Vous retrouvez chez Badiou les paramètres que l'on vient d'évoquer (Lacan, Althusser…). Tout
ça est donc, je crois, encore enfoui.
Le président, disais-je, arrive au pouvoir. C'est un Charentais décoré de la Francisque gallique
par Pétain, qui fréquente monsieur Bousquet et qui fait donc gagner la gauche. Sa mission est
claire : réduire au maximum le parti communiste français. Vous connaissez mes deux concepts
majeurs : Vichy-Moscou, concepts en acier inoxydable, dont vous pouvez trouver la preuve
absolument partout, et constamment.
Le président actuel, qui est absolument charmant, qui se fout de tout, avec humour, a une
autre mission, qui est la même en fait.

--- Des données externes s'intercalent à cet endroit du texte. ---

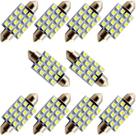 Kit 10 Led Torpedo Standard 6000k 10w 3030 39 mm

C'est d'en finir avec le socialisme français. Vous vous
rappelez certainement que Marx, qui est quand même un génie, avait posé son trépied : la
philosophie allemande, l'économie politique anglaise, le socialisme français.
A. W. L. : Qu'en est-il sur ces trois fronts, sur ces trois aspects, du triptyque forgé par
Marx?
Ph. S. : Pour le premier aspect, la philosophie allemande, c'est Hegel bien entendu, mais si
vous n'en gardez que l'oubli de la mort, c'est dangereux.
En ce qui concerne le deuxième aspect, l'économie politique anglaise, c'est là qu'il a fait un
tabac, c'est Le Capital avec un K ! Il n'a pas vu venir, évidemment, ce qui allait se produire,
ce que même Guy Debord n'a pas vu, c'est que les marchés financiers sont plus forts ; au point
où nous en sommes, le capitalisme financier dépasse de très loin ce qui aurait dû être une
rédemption de cette classe salvatrice qu'était le prolétariat.
Jusqu'à la fin, Guy Debord maintient toujours cela. C'est quand même la classe qui doit sauver
le monde. Et dirigée par Staline, puis par Poutine, c'est pas mal non plus.